What I didn't realize is that the doctors' lab is also sending someone after them, selling health IT. Their card may read MedPlus, but they have been a wholly-owned subsidiary of Quest Diagnostics since 2001.
I knew going into HIMSS that the small practice space was going to be the sweet spot for sales activity in this coming year.
Most hospitals have made their commitments. Those who have not are far down the sales funnel. Between insurers, the government, and safety experts telling them to automate, and with stimulus cash in the pipeline for a year, you would have to be pretty tone deaf to stay with paper.
This has not been true with small practices. Many are waiting on hospital partners to tell them what to do. Others are more concerned with the post-2015 penalties than the stimulus and are holding off.
SaaS vendors will be telling them not to sit on the fence. The hospitals will be telling them they're coming. The government is singing the stimulus song. Pharmacists want electronic connections. I can see a parade of IT salesmen as deep as that of drug detail men.
What I didn't realize, until last week, is that the doctors' lab is also sending someone after them. Their card may read MedPlus, but they are in fact a wholly-owned subsidiary of Quest Diagnostics, the lab company, and have been since 2001.
Millions of people get their labs done by Quest. Full disclosure -- I'm one of them. Doctors, rather than patients, make these choices. My doctor apparently trusts Quest.
At HIMSS MedPlus was showing Care360, a new SaaS-based electronic health record (EHR) system designed for small practices.
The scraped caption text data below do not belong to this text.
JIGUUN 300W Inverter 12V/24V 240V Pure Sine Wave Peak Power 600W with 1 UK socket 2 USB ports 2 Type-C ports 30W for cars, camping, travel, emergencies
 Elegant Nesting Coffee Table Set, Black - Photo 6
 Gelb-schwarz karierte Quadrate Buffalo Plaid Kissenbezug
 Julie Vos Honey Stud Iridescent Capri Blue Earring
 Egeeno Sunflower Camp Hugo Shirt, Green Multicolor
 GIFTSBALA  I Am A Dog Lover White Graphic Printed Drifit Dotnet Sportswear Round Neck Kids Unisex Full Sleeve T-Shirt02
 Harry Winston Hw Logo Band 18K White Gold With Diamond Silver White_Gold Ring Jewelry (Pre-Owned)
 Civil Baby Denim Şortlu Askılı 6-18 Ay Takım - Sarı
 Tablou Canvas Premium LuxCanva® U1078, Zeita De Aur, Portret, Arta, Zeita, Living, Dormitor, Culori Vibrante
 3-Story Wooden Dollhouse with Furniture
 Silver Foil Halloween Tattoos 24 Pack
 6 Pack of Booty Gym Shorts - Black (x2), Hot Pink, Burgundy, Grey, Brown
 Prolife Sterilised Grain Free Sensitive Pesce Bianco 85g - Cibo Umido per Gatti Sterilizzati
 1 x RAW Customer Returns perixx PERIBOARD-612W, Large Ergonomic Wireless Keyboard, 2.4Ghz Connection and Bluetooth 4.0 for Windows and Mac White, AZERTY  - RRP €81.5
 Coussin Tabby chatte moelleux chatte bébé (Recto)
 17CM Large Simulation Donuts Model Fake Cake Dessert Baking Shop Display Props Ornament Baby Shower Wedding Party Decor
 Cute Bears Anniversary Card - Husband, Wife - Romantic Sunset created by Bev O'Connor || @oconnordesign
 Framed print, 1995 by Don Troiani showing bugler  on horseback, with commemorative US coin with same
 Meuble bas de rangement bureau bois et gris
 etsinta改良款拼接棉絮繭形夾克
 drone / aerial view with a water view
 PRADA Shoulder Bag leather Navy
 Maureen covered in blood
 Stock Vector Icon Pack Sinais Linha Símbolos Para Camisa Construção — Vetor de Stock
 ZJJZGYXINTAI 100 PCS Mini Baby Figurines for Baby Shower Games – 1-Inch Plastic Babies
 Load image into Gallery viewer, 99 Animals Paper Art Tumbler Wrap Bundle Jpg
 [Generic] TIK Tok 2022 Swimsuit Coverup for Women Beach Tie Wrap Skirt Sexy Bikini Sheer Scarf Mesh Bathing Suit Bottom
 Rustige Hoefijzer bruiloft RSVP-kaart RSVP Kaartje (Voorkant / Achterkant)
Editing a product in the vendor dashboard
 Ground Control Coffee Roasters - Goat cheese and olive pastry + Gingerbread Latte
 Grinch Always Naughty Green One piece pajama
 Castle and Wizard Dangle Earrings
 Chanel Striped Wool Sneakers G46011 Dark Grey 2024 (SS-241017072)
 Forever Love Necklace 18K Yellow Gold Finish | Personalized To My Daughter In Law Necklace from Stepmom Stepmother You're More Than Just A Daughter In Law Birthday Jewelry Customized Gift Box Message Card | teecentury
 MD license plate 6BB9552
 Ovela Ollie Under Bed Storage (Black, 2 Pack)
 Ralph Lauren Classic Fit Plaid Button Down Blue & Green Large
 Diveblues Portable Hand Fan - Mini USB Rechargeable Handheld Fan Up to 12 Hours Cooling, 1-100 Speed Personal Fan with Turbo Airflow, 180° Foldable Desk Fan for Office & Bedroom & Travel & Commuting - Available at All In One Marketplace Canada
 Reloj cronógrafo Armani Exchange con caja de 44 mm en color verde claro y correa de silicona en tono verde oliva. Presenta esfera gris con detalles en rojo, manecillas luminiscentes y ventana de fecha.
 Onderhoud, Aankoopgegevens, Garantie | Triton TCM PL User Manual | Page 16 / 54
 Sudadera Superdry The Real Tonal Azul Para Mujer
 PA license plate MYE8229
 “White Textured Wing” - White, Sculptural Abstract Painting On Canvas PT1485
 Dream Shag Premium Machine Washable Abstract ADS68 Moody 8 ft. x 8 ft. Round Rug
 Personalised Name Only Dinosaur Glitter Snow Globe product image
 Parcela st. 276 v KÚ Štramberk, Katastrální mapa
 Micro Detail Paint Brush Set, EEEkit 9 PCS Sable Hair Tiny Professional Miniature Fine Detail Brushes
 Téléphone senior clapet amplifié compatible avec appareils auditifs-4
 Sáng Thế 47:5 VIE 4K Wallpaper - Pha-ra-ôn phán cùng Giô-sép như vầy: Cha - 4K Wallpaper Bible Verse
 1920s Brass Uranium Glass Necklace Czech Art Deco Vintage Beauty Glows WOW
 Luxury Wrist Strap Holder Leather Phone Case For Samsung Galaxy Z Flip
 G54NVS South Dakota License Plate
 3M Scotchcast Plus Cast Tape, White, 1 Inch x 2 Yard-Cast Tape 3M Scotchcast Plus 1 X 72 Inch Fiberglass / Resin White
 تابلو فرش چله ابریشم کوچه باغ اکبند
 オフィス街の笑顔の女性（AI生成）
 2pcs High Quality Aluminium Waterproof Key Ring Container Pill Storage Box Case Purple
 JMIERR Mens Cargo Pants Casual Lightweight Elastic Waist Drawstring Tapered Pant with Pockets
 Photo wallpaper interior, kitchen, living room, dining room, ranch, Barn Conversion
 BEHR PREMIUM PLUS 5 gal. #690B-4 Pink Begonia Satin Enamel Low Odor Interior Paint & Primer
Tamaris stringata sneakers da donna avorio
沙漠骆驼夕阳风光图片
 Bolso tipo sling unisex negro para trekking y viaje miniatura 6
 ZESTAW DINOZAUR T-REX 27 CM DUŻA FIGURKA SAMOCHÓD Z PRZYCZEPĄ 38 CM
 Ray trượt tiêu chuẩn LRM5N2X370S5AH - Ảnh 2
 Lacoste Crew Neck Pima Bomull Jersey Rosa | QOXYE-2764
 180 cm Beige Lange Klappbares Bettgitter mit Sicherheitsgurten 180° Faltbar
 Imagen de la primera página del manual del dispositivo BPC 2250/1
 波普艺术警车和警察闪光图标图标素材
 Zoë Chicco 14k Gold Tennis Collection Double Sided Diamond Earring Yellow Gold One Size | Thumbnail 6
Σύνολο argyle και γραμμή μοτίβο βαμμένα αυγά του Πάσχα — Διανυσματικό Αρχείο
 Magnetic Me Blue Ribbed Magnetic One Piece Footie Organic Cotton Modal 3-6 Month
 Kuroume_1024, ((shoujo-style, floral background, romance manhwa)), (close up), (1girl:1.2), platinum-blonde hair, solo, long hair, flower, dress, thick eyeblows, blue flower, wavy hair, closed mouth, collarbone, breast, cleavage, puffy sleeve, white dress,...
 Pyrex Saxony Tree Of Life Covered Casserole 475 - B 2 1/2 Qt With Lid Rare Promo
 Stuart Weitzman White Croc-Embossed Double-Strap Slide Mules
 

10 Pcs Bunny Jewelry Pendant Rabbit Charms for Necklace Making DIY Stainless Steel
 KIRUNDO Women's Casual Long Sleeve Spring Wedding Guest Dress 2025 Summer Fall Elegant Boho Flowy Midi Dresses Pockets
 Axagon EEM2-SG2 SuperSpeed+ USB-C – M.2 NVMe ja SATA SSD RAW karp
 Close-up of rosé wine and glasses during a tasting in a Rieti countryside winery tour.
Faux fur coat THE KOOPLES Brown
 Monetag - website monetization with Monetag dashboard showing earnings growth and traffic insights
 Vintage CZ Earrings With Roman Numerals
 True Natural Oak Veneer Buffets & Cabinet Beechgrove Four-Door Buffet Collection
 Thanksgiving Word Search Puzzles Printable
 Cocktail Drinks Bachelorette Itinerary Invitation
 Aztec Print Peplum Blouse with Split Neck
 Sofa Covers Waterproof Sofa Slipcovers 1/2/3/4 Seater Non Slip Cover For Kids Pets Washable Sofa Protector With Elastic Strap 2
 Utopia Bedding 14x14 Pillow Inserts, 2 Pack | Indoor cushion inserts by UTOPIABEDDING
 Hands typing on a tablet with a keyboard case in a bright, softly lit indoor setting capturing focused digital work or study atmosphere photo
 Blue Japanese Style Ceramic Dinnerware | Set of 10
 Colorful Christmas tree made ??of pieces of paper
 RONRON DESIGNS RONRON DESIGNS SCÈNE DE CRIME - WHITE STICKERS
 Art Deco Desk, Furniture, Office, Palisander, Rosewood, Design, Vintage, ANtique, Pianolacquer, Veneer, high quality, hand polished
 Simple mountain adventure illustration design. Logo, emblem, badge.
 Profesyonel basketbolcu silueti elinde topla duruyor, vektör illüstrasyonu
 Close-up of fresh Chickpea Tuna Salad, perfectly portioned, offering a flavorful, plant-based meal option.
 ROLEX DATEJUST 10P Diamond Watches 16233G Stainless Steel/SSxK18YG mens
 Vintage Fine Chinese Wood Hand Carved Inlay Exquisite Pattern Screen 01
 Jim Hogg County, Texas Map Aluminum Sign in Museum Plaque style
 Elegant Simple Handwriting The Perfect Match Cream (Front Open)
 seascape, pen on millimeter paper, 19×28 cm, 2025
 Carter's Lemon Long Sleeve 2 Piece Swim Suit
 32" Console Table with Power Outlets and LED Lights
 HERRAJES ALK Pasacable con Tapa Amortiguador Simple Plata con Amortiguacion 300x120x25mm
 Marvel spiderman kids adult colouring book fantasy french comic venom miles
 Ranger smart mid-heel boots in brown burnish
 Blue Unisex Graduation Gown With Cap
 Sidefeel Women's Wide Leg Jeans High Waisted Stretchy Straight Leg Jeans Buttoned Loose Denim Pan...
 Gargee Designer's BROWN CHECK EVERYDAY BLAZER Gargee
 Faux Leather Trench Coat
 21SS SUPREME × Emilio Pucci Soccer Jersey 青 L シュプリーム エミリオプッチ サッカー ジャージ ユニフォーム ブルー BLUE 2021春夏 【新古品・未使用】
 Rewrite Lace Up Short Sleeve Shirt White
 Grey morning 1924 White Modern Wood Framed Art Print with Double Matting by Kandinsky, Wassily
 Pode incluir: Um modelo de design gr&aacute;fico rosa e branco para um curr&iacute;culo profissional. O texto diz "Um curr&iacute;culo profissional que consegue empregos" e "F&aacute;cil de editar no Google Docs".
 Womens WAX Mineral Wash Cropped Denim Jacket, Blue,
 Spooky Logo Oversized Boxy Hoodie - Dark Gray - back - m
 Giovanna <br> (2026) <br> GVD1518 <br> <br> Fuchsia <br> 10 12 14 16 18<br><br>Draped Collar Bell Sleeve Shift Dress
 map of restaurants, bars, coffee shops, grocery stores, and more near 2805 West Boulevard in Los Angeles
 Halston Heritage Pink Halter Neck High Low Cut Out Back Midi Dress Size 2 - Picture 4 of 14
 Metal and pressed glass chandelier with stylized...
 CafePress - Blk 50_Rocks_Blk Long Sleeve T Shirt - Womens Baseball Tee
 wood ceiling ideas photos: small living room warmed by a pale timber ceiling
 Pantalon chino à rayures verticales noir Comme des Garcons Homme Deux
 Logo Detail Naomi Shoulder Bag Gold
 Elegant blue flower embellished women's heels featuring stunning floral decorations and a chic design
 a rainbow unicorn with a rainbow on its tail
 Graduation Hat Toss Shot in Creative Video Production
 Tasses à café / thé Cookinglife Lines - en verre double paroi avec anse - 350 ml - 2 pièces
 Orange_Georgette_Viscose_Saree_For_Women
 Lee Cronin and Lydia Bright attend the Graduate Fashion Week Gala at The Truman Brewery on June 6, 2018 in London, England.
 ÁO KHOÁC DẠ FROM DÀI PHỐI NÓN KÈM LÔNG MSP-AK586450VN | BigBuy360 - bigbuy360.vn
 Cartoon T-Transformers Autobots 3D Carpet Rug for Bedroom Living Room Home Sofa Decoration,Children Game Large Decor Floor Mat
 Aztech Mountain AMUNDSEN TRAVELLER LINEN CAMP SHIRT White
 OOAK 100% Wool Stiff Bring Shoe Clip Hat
And the sales pitch is seductive, as I learned in a booth visit.
"Our sweet spot is to focus on customers using our technology, and letting them add functionality," I was told. A clinician getting lab results on paper is encouraged to get them online, and in time the health record arrives as just another upgrade.
"We started in 2004 as a Web-based enhancement to let physicians communicate with Quest." Over time patient credentials and links with other physicians were added to the movement of lab tests. Today Quest has 150,000 physicians online at 17,000 practices. That's a good base from which to work.
Some 80% of MedPlus customers have five or fewer doctors in them. "Our belief is the needs of the small physician practice is entirely different from that of the large practice." It's a good pitch.
It may also be the best way to maintain some degree of independence from insurers or hospitals. Quest is a big dog in the medical world, and its name on the back of MedPlus could prove very compelling.
It's going to be pretty hard for small practice doctors to hide in their paper labyrinths this year.